Recent advancements in endometrial cancer are indicative of the rapid growth of the treatment arsenal, particularly with the incorporation of immunotherapy into standard approaches, Hinchcliff begins. Since 2023, several randomized, controlled clinical trials, such as the phase 3 RUBY (NCT03981796) and KEYNOTE-868/NRG-GY018 (NCT03914612) studies, have shown the benefits of adding immunotherapy to chemotherapy and established that strategy as the standard of care for patients with endometrial cancer, she emphasizes.

On June 17, 2024, the FDA approved pembrolizumab (Keytruda) in combination with carboplatin and paclitaxel, followed by pembrolizumab monotherapy, for the treatment of adult patients with primary advanced or recurrent endometrial carcinoma. In the pivotal KEYNOTE-868/NRG-GY018 trial, among patients with mismatch repair–deficient (dMMR) disease, the median progression-free survival (PFS) was not reached (NR; 95% CI, 30.7-NR) with pembrolizumab plus chemotherapy (n = 112); conversely, the median PFS was 6.5 months (95% CI, 6.4-8.7) with placebo plus chemotherapy (n = 113; HR, 0.30 [95% CI, 0.19-0.48]; P < .0001). Among patients with MMR-proficient disease, the median PFS was 11.1 months (95% CI, 8.7-13.5) in the pembrolizumab arm (n = 239) and 8.5 months (95% CI, 7.2-8.8) in the placebo arm (n = 295; HR, 0.60 [95% CI, 0.46-0.78]; P < .0001).

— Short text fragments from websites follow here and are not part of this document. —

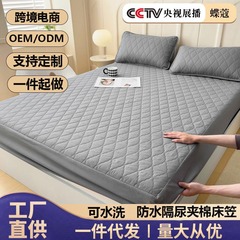 対外貿易の防水のベッドカバーの越境して綿を挟みます。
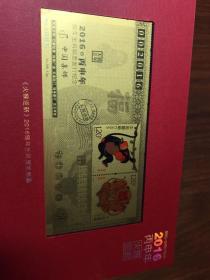 2016年中国集邮总公司发行巜火猴迎新》纯金四方连（黄永玉先生创作．内附含猴票1张）实物实拍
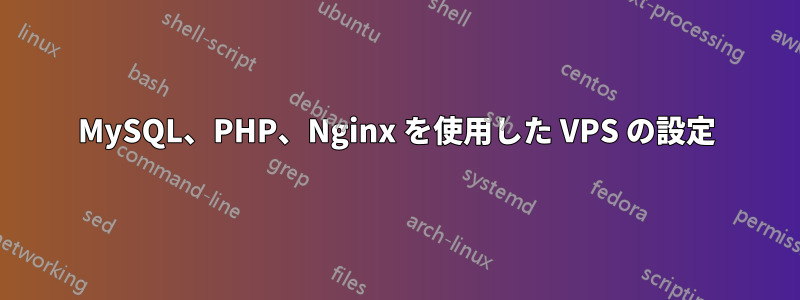 MySQL、PHP、Nginx を使用した VPS の設定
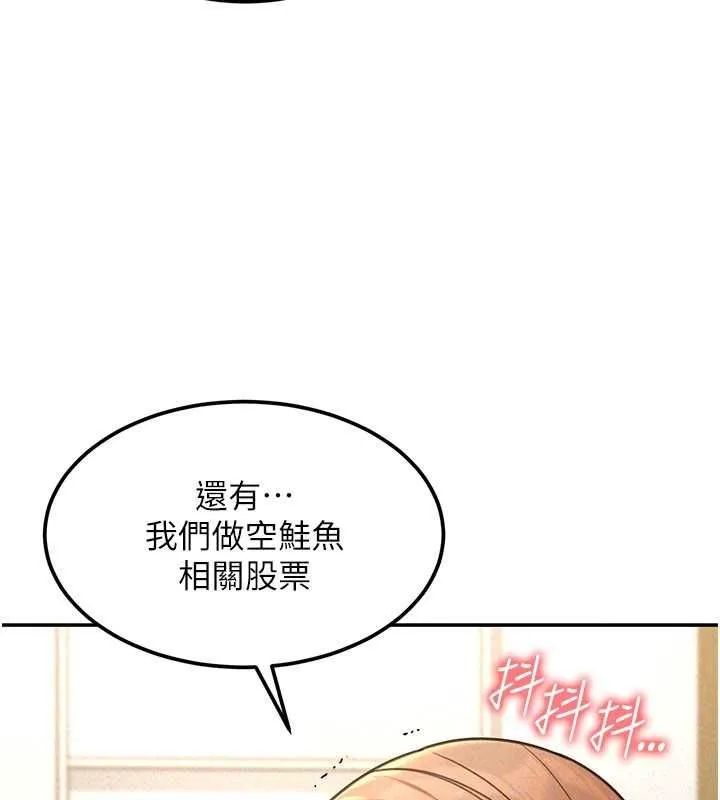 華爾街夜色第19話-在所有人面前高潮了&hellip;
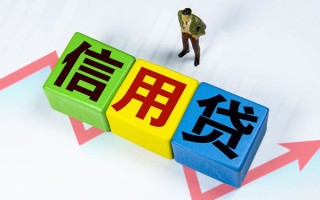 深圳13身份证线下贷款-深圳13私借-深圳13私借户不考察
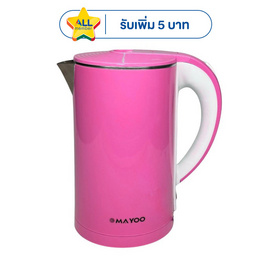 MAYOO กาต้มน้ำไฟฟ้า 2 ลิตร รุ่น SC-05 - MAYOO, กาต้มน้ำไฟฟ้า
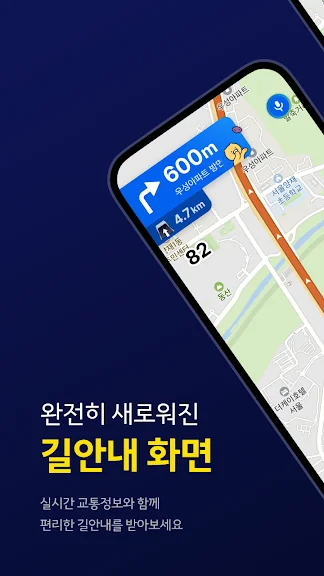 스마트폰 무료 네비게이션 앱 추천 어플 - 1. 카카오내비 - 주차,발렛,전기차충전,세차,보험,중고차 어플 소개 스마트폰 무료 네비게이션 앱 추천 어플 - 1. 카카오내비 - 주차,발렛,전기차충전,세차,보험,중고차 어플 소개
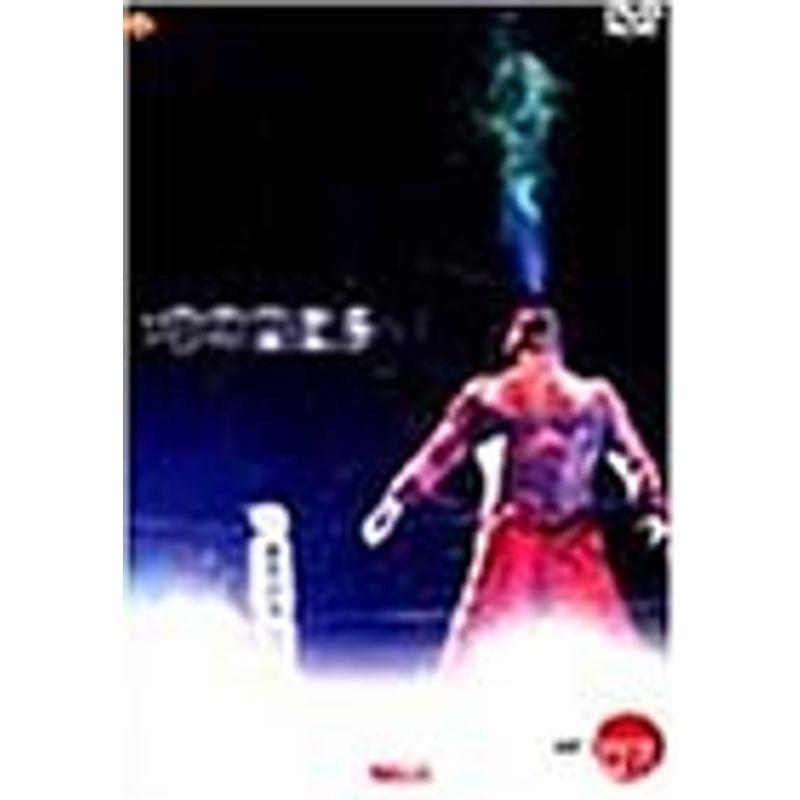 グレート・ムタ 1997〜2000 Vol.12 DVD : スカーレット2021 - 通販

On August 1, 2024, the FDA approved dostarlimab-gxly (Jemperli) plus carboplatin and paclitaxel, followed by dostarlimab monotherapy, for the treatment of adult patients with primary advanced or recurrent endometrial cancer. This regulatory decision expanded upon the July 2023 approval of the regimen for the treatment of adult patients with primary advanced or recurrent dMMR or microsatellite instability–high endometrial cancer. The expanded approval was supported by findings from part 1 of RUBY, in which patients in the overall population who received dostarlimab in combination with chemotherapy (n = 245) achieved a median overall survival of 44.6 months (95% CI, 32.6-NR) vs 28.2 months (95% CI, 22.1-35.6) with placebo plus chemotherapy (n = 249; HR, 0.69 [95% CI, 0.54-0.89]; 1-sided P = .002).